Exactly the lines from the line containing "this 300×200 image." through the last line of the entries below should appear in the answer, reproduced verbatim.

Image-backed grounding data
····················

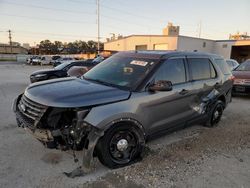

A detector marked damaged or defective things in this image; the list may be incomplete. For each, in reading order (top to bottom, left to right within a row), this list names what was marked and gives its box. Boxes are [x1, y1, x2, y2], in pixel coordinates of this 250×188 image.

crumpled hood [24, 77, 131, 108]
damaged front end [12, 94, 102, 178]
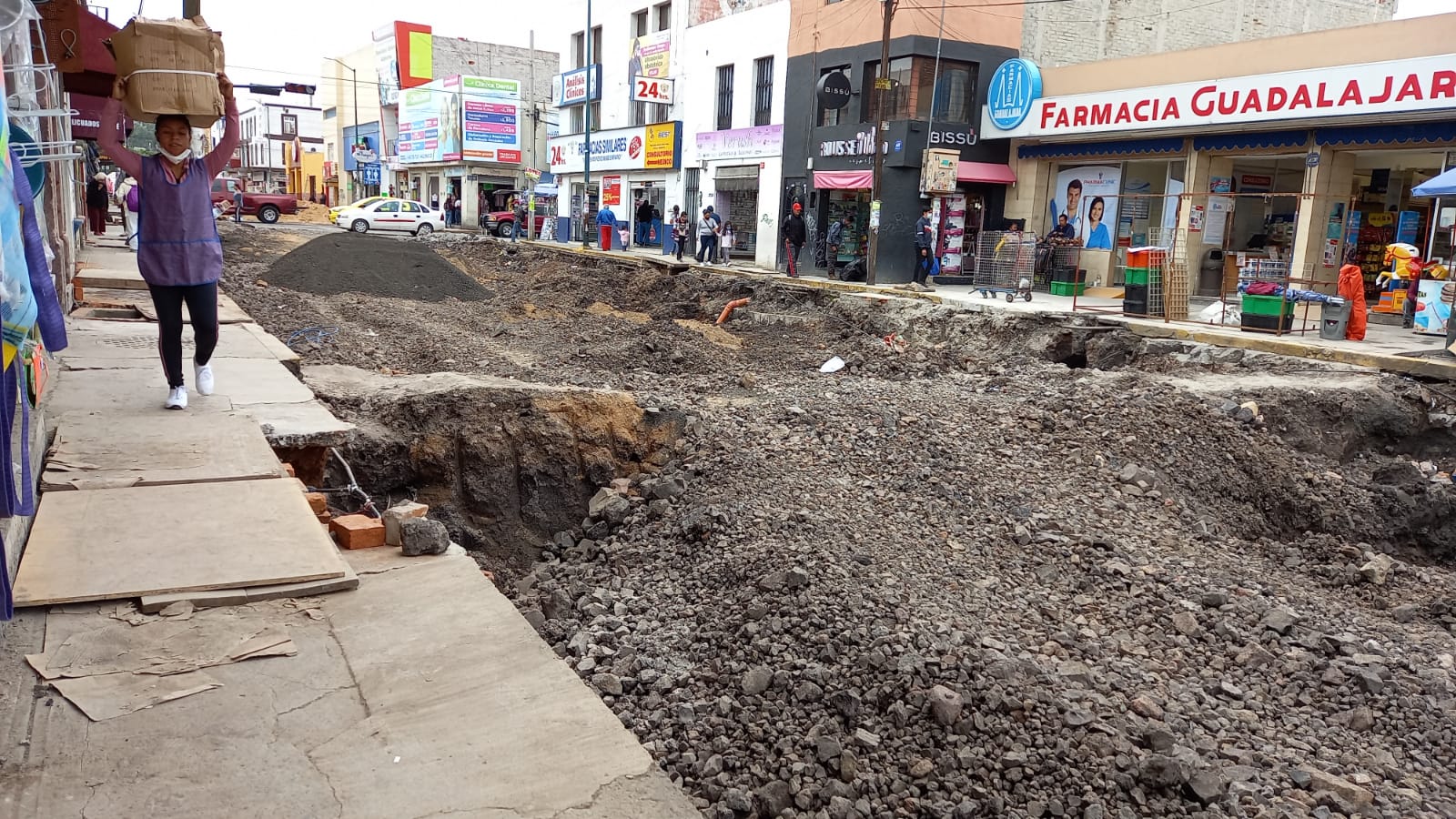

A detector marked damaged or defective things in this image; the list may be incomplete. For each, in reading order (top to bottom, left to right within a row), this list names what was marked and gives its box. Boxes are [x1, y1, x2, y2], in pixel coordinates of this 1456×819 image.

broken concrete edge [1112, 318, 1456, 381]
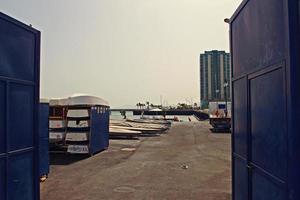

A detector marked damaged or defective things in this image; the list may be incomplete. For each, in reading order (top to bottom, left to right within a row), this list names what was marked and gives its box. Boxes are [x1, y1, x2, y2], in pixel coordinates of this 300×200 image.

cracked concrete ground [41, 120, 231, 200]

····················

THE ANSWER:
A detector marked damaged or defective things in this image; the list may be incomplete. For each, in reading order (top to bottom, left to right within a row), this list names what was marked and gives its box. Boxes are [x1, y1, x2, y2], in pixel coordinates of this 300×200 image.

cracked concrete ground [41, 120, 231, 200]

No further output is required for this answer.